UCB’s DZP moving into Phase III trials despite Phase II failure

GlobalData Healthcare 11th March 2020 (Last Updated March 11th, 2020 09:33)

UCB’s DZP moving into Phase III trials despite Phase II failure

On 4 March, UCB announced the initiation of a Phase III clinical trial evaluating the efficacy and safety of dapirolizumab pegol (DZP) as an add-on treatment to standard of care (SoC) medication to achieve clinically relevant, long-term improvement in moderate to severe systemic lupus erythematosus (SLE), despite the fact that DZP failed to meet its primary endpoint in its Phase II trial. The randomised, double-blind, placebo-controlled Phase III study will enroll approximately 450 SLE patients. The estimated primary completion date of the study is October 2022, with overall study completion anticipated in November 2022. Despite DZP’s Phase IIb failures, it will be interesting to evaluate whether the therapy can be a success in the SLE and lupus nephritis (LN) market.

DZP is an anti-human CD-40 ligand (CD-40L) antibody. In SLE, CD-40L is overexpressed when a patient is suffering from active disease. However, in the Phase IIb study evaluating efficacy and safety, DZP did not meet its primary endpoint of demonstrating a dose response on the British Isles Lupus Assessment Group (BILAG)-based Composite Lupus Assessment (BICLA). Despite its flaws, DZP’s BICLA response rates at Week 24 for the 6mg/kg, 24mg/kg, and 45mg/kg doses were 48.8%, 54.5%, and 52.5%, compared to 37.2% with placebo.
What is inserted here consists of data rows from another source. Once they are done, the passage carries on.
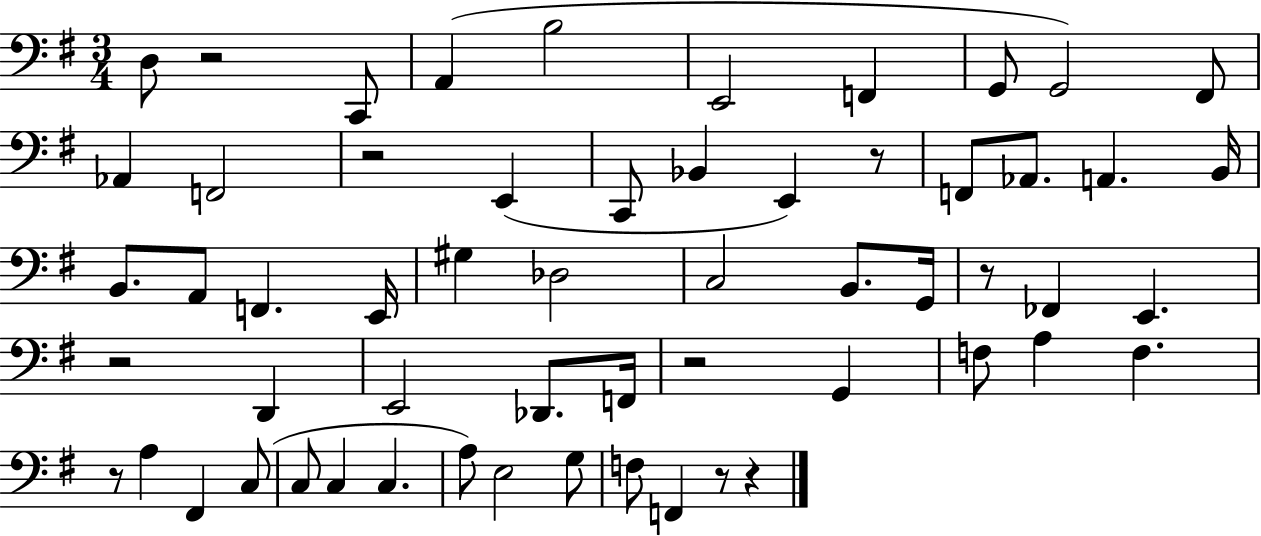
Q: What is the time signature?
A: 3/4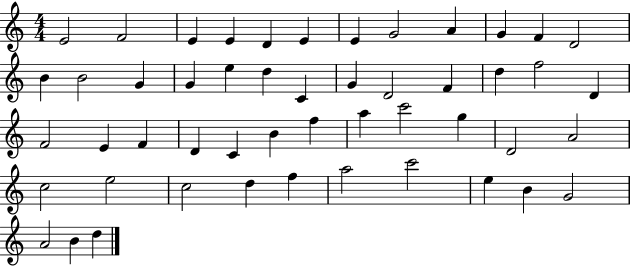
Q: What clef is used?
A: treble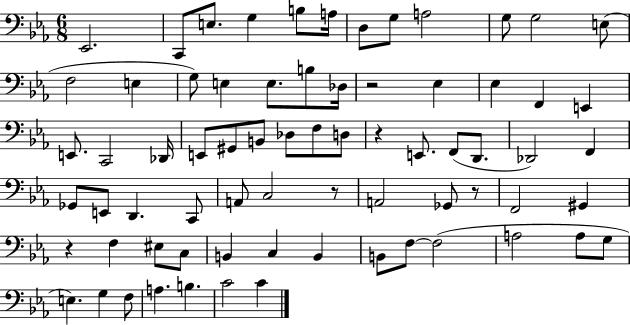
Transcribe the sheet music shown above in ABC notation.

X:1
T:Untitled
M:6/8
L:1/4
K:Eb
_E,,2 C,,/2 E,/2 G, B,/2 A,/4 D,/2 G,/2 A,2 G,/2 G,2 E,/2 F,2 E, G,/2 E, E,/2 B,/2 _D,/4 z2 _E, _E, F,, E,, E,,/2 C,,2 _D,,/4 E,,/2 ^G,,/2 B,,/2 _D,/2 F,/2 D,/2 z E,,/2 F,,/2 D,,/2 _D,,2 F,, _G,,/2 E,,/2 D,, C,,/2 A,,/2 C,2 z/2 A,,2 _G,,/2 z/2 F,,2 ^G,, z F, ^E,/2 C,/2 B,, C, B,, B,,/2 F,/2 F,2 A,2 A,/2 G,/2 E, G, F,/2 A, B, C2 C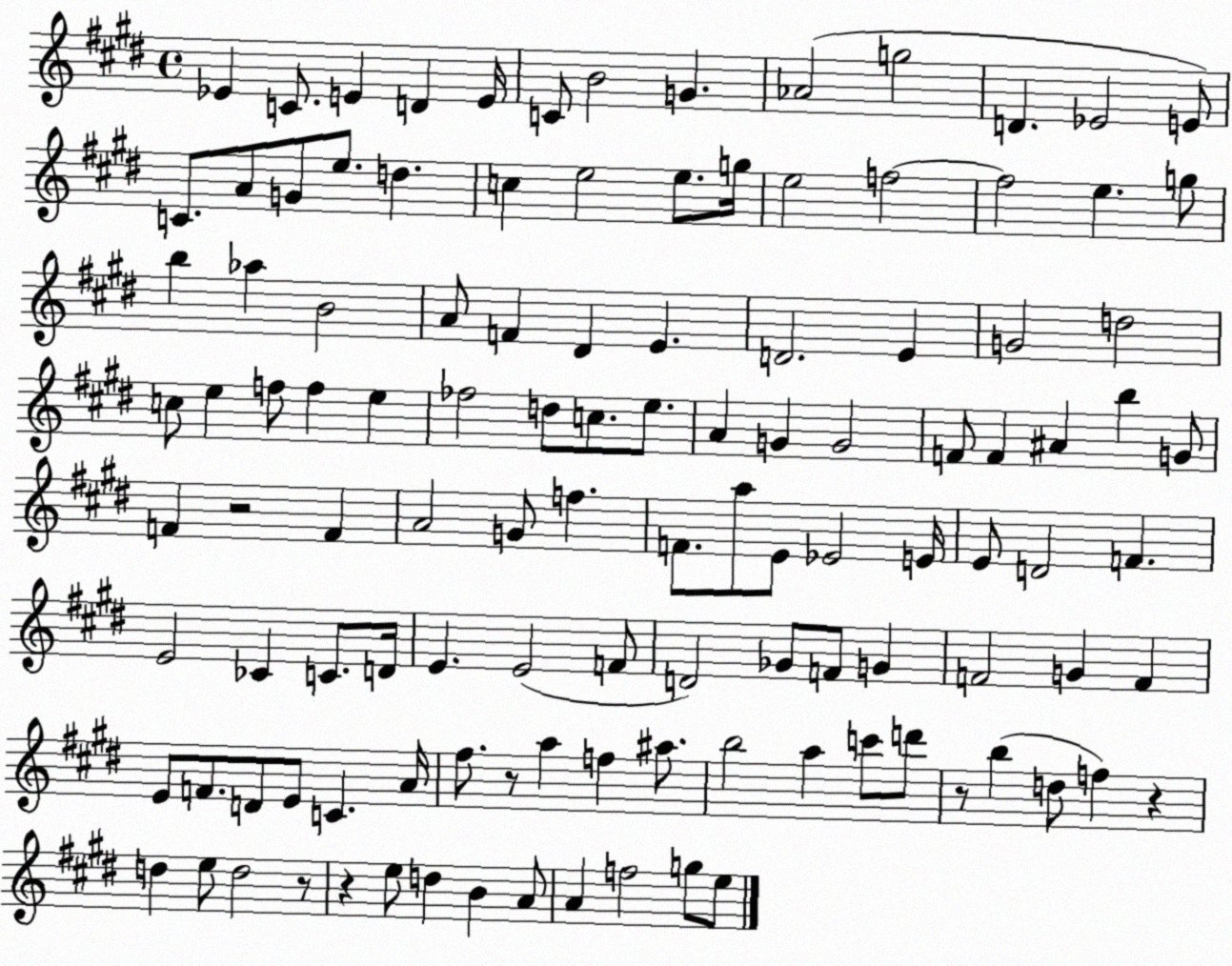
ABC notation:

X:1
T:Untitled
M:4/4
L:1/4
K:E
_E C/2 E D E/4 C/2 B2 G _A2 g2 D _E2 E/2 C/2 A/2 G/2 e/2 d c e2 e/2 g/4 e2 f2 f2 e g/2 b _a B2 A/2 F ^D E D2 E G2 d2 c/2 e f/2 f e _f2 d/2 c/2 e/2 A G G2 F/2 F ^A b G/2 F z2 F A2 G/2 f F/2 a/2 E/2 _E2 E/4 E/2 D2 F E2 _C C/2 D/4 E E2 F/2 D2 _G/2 F/2 G F2 G F E/2 F/2 D/2 E/2 C A/4 ^f/2 z/2 a f ^a/2 b2 a c'/2 d'/2 z/2 b d/2 f z d e/2 d2 z/2 z e/2 d B A/2 A f2 g/2 e/2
Janssen’s Stelara (ustekinumab) also measured BICLA response as a secondary endpoint in its LOTUS Phase II study, and its results versus placebo at Week 24 were 35% versus 33% respectively. From the indirect comparisons with Phase II SLE trials for DZP and Stelara, all doses of DZP seem to induce a higher rate of BICLA response at Week 24. However, it is important to note that Janssen’s trial looked at BICLA response as a secondary endpoint. Furthermore, Stelara also had very high SLE Responder Index, 4-Point Reduction (SRI-4) response rates. Both therapies were in combination with SoC, which could skew the results. It is also important to note that UCB’s DZP was well tolerated and demonstrated an acceptable safety profile. Nevertheless, for UCB’s DZP to become a successful therapy, it must show a higher response rate in its Phase III trial. Key opinion leaders interviewed by GlobalData noted that although DZP was not entirely successful in its Phase II trial, it is still possible to attain success, as evidenced by the fact that GlaxoSmithKline’s (GSK’s) Benlysta (belimumab) also did not do well in its Phase II trial.

GlobalData forecasts that DZP will enter the market in 2024 and will be the third subcutaneous (SC) biologic launched in moderate to severe SLE, after GSK’s Benlysta and Janssen’s Stelara. This will hamper DZP’s uptake, especially if Janssen’s Stelara shows better efficacy than DZP. It is essential that UCB prices DZP effectively, as the drug will have the potential to overtake both Stelara and Benlysta in sales if it can be priced at a discount, especially compared to Stelara’s annual price of over $100,000 per patient.